The revelation that 6.1% of shares were allocated to Mr. Andrey Ryjenko, who now goes by his wife’s surname, Nikitin, and serves as a board consultant, is particularly troubling. Ryjenko’s past role at the European Bank for Reconstruction and Development and his subsequent fraud conviction in 2017, leading to a three-year prison sentence, raises serious concerns about his suitability for involvement with a company listed on Nasdaq.
The February 2024 disclosures confirmed that the board members of Lottery.com had self-allocated over 40% of the company’s shares, resulting in significant dilution for current shareholders. Woodford accuses these actions of constituting an act of corporate raiding.

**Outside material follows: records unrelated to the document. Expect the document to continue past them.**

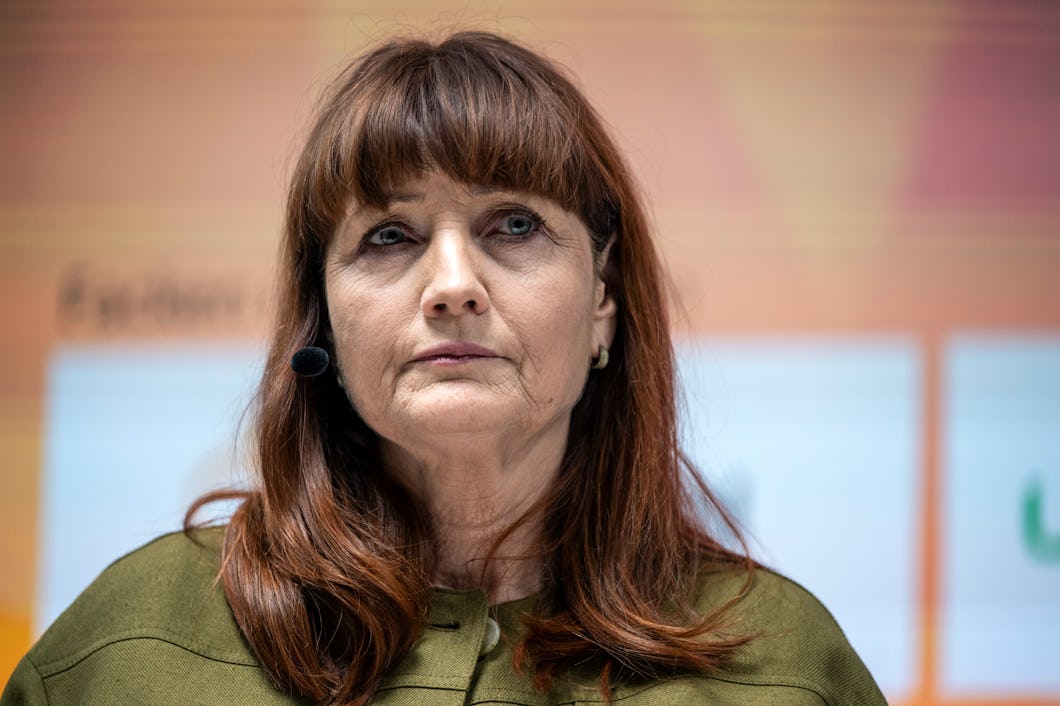 Marie Nilsson med långt brunt hår, iklädd en grön topp och ett headset med mikrofon, står framför en suddig bakgrund i orange och vitt.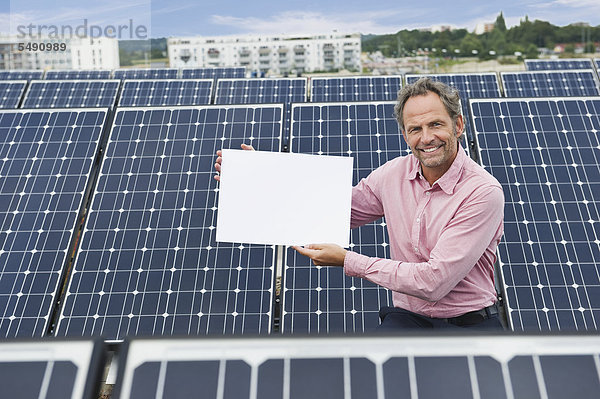 Älterer Mann hält weißes Brett in Solaranlage  lächelnd  Portrait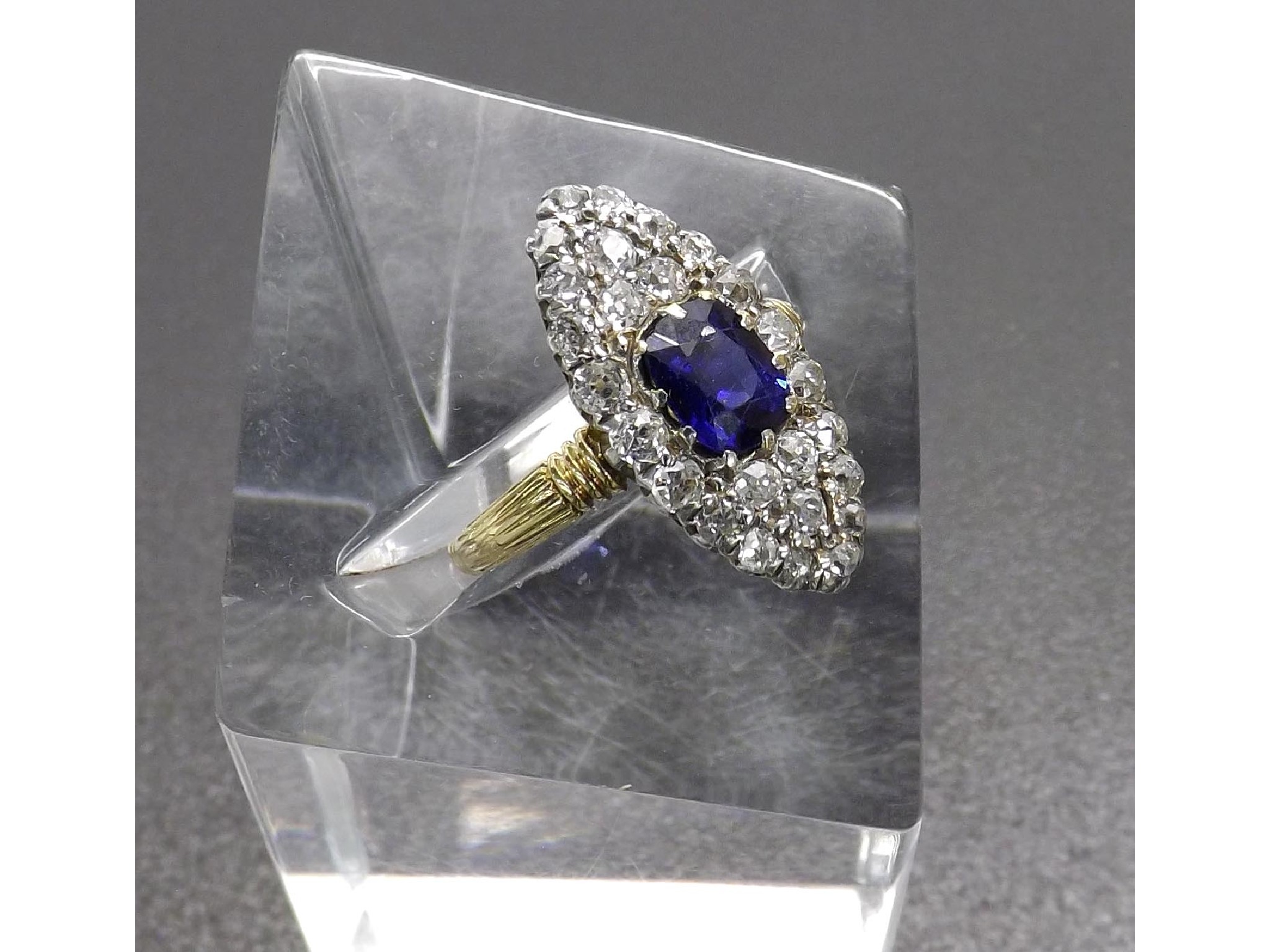 Appraisal: Good sapphire and diamond marquise cluster ring the oval-cut natural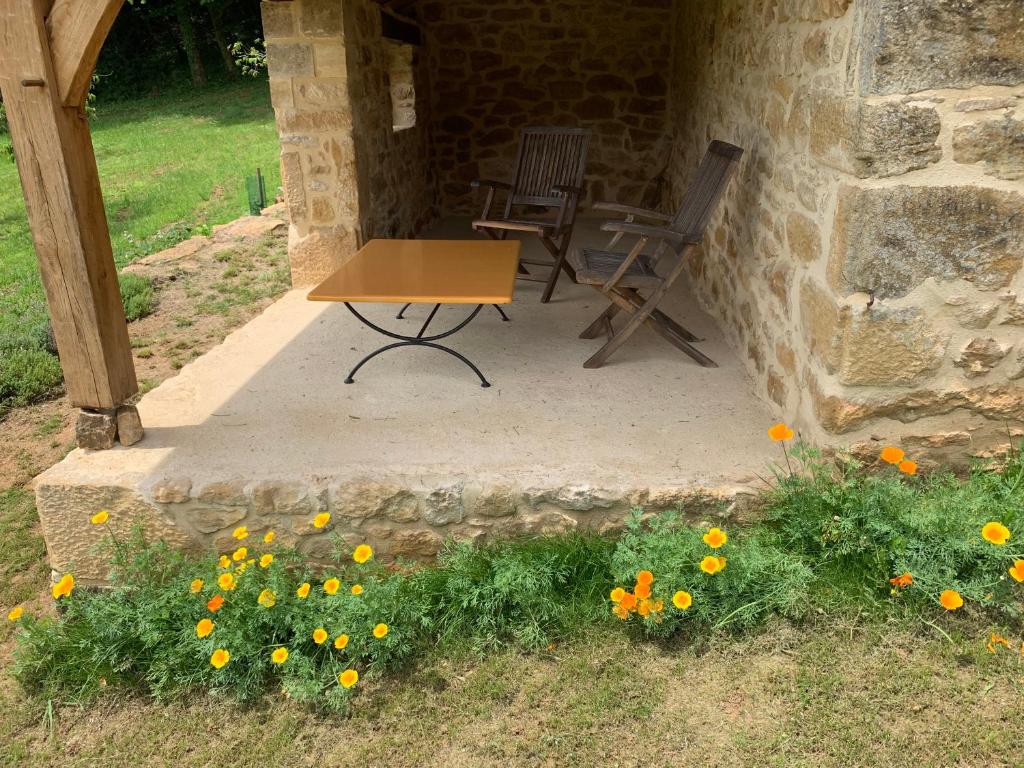 a table and chairs sitting on a patio with flowers at Gîte chez le Gaulois in Carsac-Aillac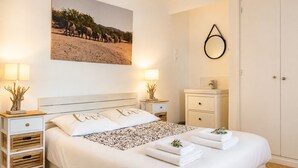 Un dormitorio ordenado con cama, mesitas de noche, tocador, espejo, un cuadro en la pared y un armario.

In a January 5, 2024, court hearing in Tampa, Florida, Greg Potts, the incumbent COO, testified to receiving shares as part of a “retention bonus” and for “outstanding salary.”
Currently, Lottery lacks legitimate employees on its payroll and has no active Business operations or revenue streams, apart from TinBu, LLC, a company acquired under false pretenses by Lottery.com, which remains unpaid as per the agreement. The founders of TinBu are now seeking $20 million in damages from Lottery for fraud.
“We have tried many times to mediate or settle this dispute in an amicable way. We are shareholders of this company and are committed to supporting it all the way through. It is unfortunate that Lottery management keeps making false accusations, issuing incorrect news releases and announcements, abusing legal processes, and manipulating, so we now have no choice but to enforce our security, which will undoubtedly cause disruption of Business and further loss of value for Lottery. It is unfortunate that the actions of individuals in their own interest can lead to such damage to a corporation, and we are surprised how a publicly traded company can lack independent oversight and compliance.”